Table of Contents
Crawling ideas
Specific steps
Specific code
Entity class Picture and tool class HeaderUtil
Download Category
The most important class: parsing page class PictureSpider
BootStrap
Crawling results
Notes
Home Java javaTutorial How to use Java crawler to crawl images in batches

How to use Java crawler to crawl images in batches

May 03, 2023 pm 08:04 PM
java

    Crawling ideas

    The acquisition of this kind of image is essentially the download of the file (HttpClient). But because it is not just about getting a picture, there is also a page parsing process (Jsoup).

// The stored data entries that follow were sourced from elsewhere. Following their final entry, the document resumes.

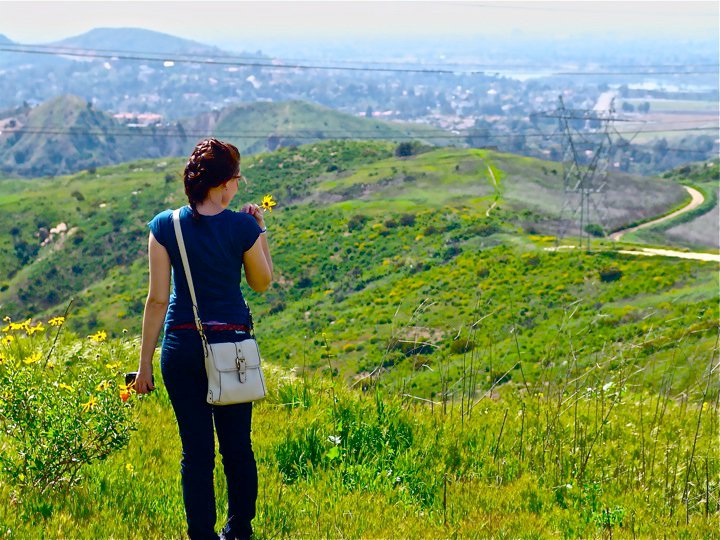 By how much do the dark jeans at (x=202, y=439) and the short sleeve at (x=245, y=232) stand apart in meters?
0.43

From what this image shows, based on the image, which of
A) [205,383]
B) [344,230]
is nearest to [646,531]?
[205,383]

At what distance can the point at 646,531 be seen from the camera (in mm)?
4062

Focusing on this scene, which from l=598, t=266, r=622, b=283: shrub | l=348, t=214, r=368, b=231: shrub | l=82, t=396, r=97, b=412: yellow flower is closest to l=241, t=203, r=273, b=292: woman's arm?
l=82, t=396, r=97, b=412: yellow flower

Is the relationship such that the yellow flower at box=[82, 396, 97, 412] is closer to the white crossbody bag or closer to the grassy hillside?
the white crossbody bag

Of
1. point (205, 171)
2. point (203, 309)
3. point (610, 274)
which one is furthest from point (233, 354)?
point (610, 274)

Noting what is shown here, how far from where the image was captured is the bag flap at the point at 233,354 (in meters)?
3.45

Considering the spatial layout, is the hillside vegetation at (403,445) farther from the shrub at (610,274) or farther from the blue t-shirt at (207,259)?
the shrub at (610,274)

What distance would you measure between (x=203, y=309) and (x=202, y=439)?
2.16 feet

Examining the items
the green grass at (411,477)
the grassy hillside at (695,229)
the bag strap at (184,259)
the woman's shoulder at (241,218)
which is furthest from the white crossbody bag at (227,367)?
the grassy hillside at (695,229)

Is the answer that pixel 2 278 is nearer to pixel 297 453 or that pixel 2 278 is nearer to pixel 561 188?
pixel 561 188

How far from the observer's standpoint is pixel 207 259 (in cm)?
352

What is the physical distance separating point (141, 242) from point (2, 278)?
21.5 metres

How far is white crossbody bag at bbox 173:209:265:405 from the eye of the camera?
3453mm

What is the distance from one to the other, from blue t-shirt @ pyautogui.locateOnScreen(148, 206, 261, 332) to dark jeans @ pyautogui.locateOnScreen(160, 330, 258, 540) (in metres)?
0.10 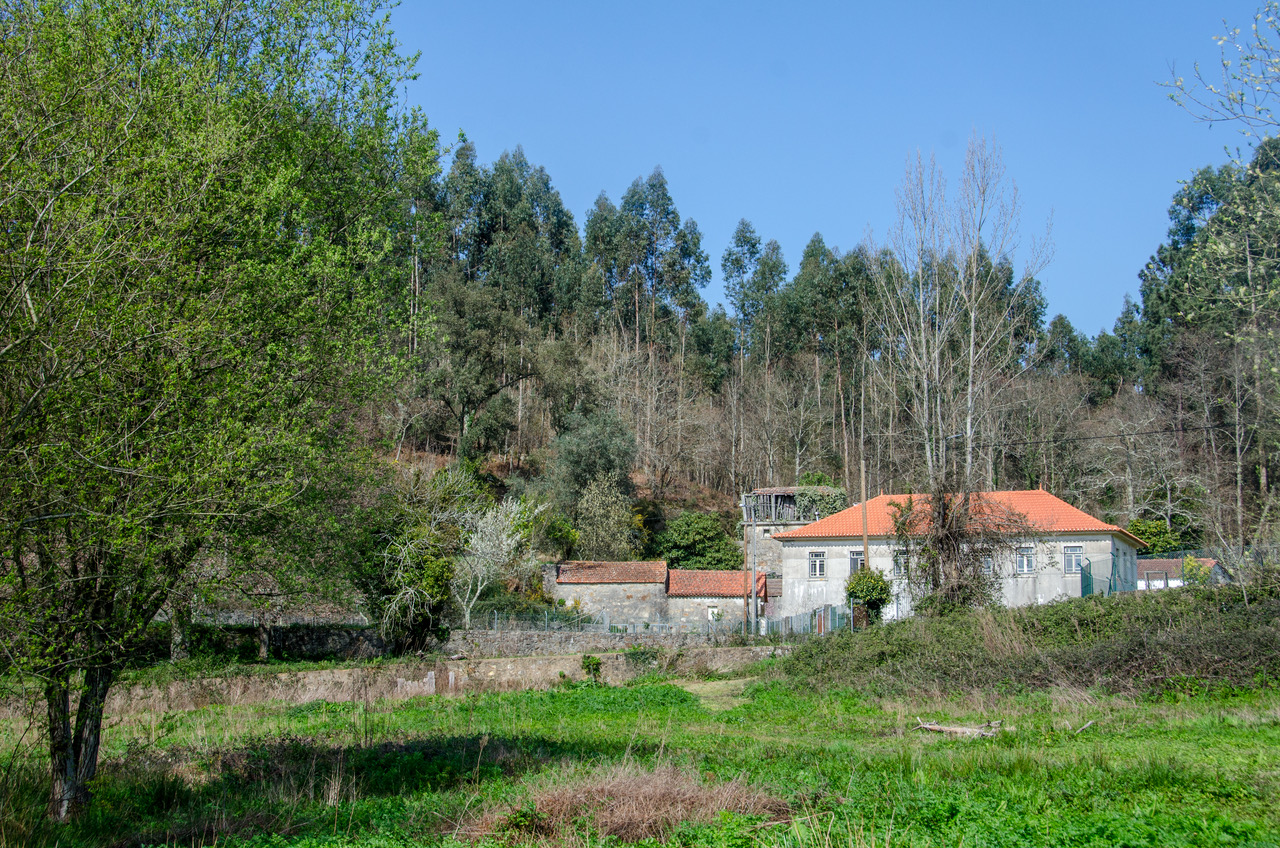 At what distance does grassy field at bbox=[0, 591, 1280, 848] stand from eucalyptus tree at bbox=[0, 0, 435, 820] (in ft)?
5.32

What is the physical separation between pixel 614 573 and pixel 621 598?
1.09m

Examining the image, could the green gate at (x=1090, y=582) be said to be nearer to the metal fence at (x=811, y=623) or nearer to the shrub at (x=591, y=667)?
the metal fence at (x=811, y=623)

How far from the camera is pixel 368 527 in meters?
10.6

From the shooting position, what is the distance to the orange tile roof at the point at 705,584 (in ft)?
117

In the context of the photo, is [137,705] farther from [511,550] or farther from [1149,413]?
[1149,413]

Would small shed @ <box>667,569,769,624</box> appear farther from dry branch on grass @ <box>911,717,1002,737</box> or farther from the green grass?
dry branch on grass @ <box>911,717,1002,737</box>

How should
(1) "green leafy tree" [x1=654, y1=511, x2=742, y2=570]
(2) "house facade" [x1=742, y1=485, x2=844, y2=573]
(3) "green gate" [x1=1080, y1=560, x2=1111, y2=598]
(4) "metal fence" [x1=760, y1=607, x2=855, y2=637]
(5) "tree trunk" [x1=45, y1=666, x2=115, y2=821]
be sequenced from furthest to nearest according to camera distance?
(2) "house facade" [x1=742, y1=485, x2=844, y2=573] < (1) "green leafy tree" [x1=654, y1=511, x2=742, y2=570] < (3) "green gate" [x1=1080, y1=560, x2=1111, y2=598] < (4) "metal fence" [x1=760, y1=607, x2=855, y2=637] < (5) "tree trunk" [x1=45, y1=666, x2=115, y2=821]

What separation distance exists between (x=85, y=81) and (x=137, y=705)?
1409cm

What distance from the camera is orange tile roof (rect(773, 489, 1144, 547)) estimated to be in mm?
32469

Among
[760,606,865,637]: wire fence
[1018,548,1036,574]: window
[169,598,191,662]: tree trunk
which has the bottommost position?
[760,606,865,637]: wire fence

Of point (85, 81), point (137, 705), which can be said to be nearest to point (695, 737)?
point (85, 81)

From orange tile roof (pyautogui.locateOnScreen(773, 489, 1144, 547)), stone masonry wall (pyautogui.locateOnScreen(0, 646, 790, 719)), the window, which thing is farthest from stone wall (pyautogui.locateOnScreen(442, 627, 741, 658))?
the window

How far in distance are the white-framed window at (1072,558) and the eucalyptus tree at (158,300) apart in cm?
2979

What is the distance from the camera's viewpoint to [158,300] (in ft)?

    Jsoup: Parse the html page and get the link to the image.

    HttpClient: Request the link of the image and save the image locally.

    Specific steps

    First enter the homepage analysis, there are mainly the following categories (not all categories here, but these are enough, this is just a learning technique.), Our goal is to obtain pictures under each category.

    Let’s analyze the structure of the website. I’ll keep it simple here. The picture below shows the general structure. Here, a classification label is selected for explanation. A category tag page contains multiple title pages, and each title page contains multiple image pages. (Dozens of pictures corresponding to the title page)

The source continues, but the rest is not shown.